けれどもそれ以上に、貴方の笑顔が見たくて。
「目が、醒めた?紅葉」
思い描いたそれと一寸の狂いも無い貴方の笑顔。柔らかくて、そして優しい笑顔。まるで太陽の光のように僕を包み込んでくれるその笑顔。
「…貴方の顔を見たら…醒めました…寝ぼけていたら…勿体無い」
僕の言葉にまた、貴方は微笑う。その顔が。その笑顔が何よりも、好き。
「貴方の顔をずっと、見ていたいから」
言ってみてバカみたいだなと思いながら…それでも言わずにはいられなくて。本当に、本当にそう思うから。
…ずっと貴方だけを見ていたいって…そう、思うから……。
「僕も君だけを、見ていたいよ」
さらさらの髪。長い睫毛。綺麗な指先。一寸の狂いも無い完璧な美貌。誰が見ても、誰に聞いても、貴方は綺麗。そんな貴方を独りじめてしも、いいのですか?
「見ていたいよ、紅葉」
降りてくる唇を瞼を閉じて受けてれた。口付けが全ての始まりならば、何度でもキスしてほしい。

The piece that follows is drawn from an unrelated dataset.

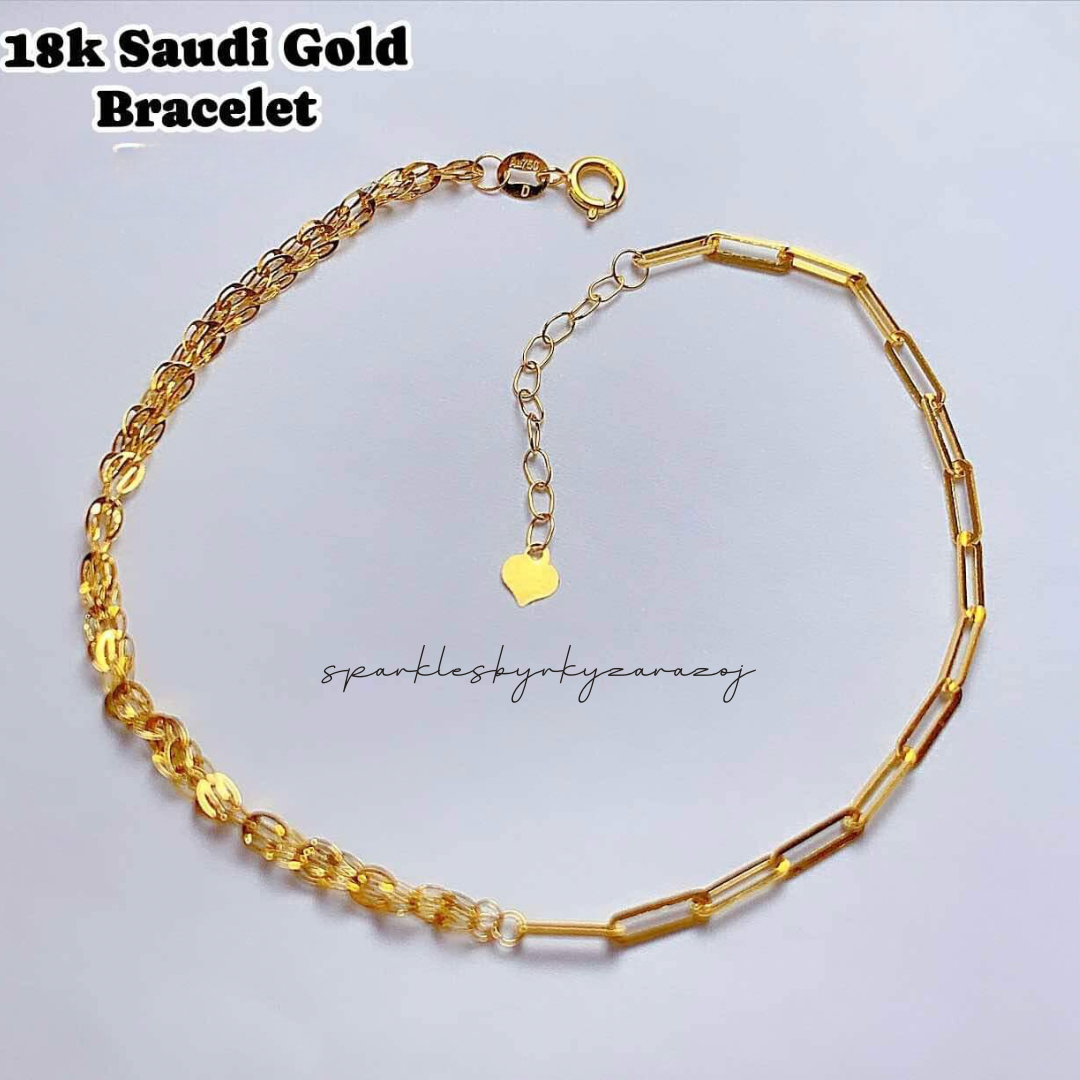 Half Palay Half Paperclip Bracelet 18k Saudi Gold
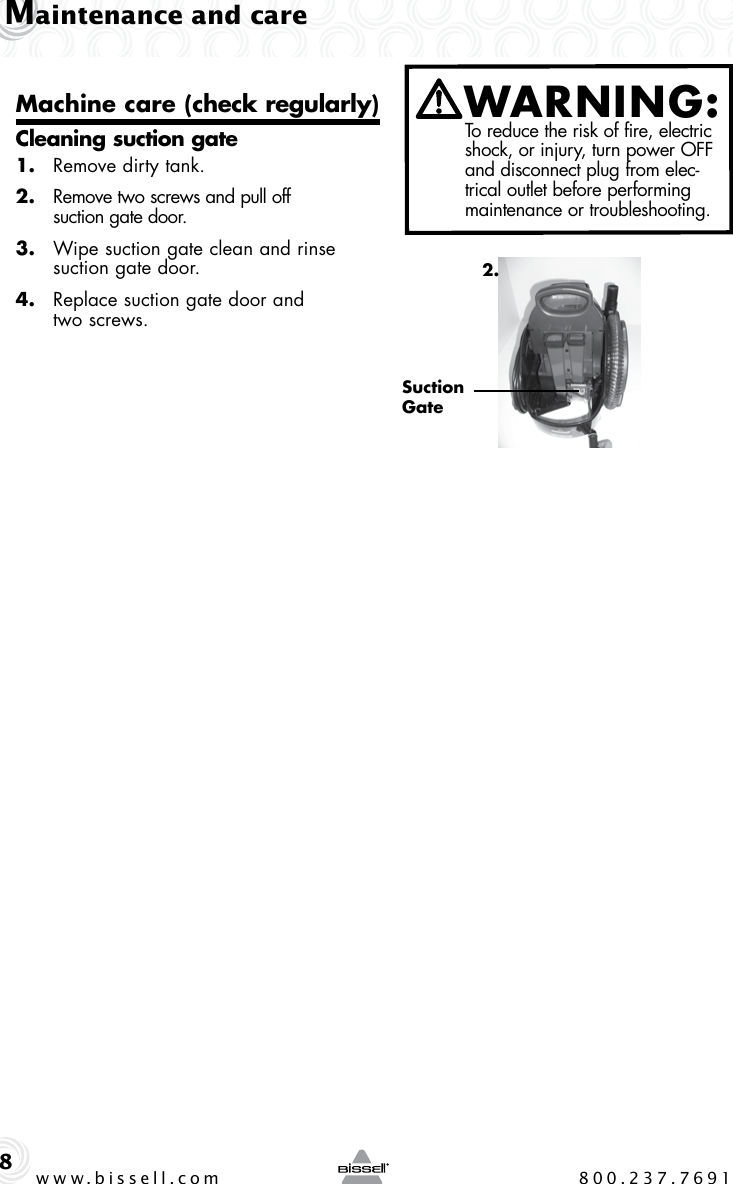 Page 8 of 12 - Bissell Bissell-Spotclean-Pro-3624-Owners-Manual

どんな事でも貴方と始めたい。どんな些細な事でも。貴方と、ふたりで。
…ああ、僕は。こんなにも貴方が好きだ……
指に馴染むそのきめ細かい肌と、何度でも重ねたくなる唇。
身体を重ねる事が全てではないけれども。
それでも何度でも重ねたい。全てを貪り尽くしたい。
愛しているから、その全てが欲しい。
その言葉が今になって初めて。初めて実感出来るようになった。
本当に愛した者ならば。
どうしようもない程、全てを知りたいと。
その全てを暴いて、自分だけのものにしたいと。
そう、思うから。
だから僕は内から溢れ出る欲望を止めようとは思わない。
君が、欲しいから。
君を、愛しているから。
だから、その全てを。
君の全てを僕で、埋めたいから。
「…綺麗…如月さん…」
僕の腕の中で喘ぎながら、君は熱に浮かされたようにそう言った。髪から零れる汗の雫がシーツに飛び散る。そんな君のほうがよっぽど綺麗なのに。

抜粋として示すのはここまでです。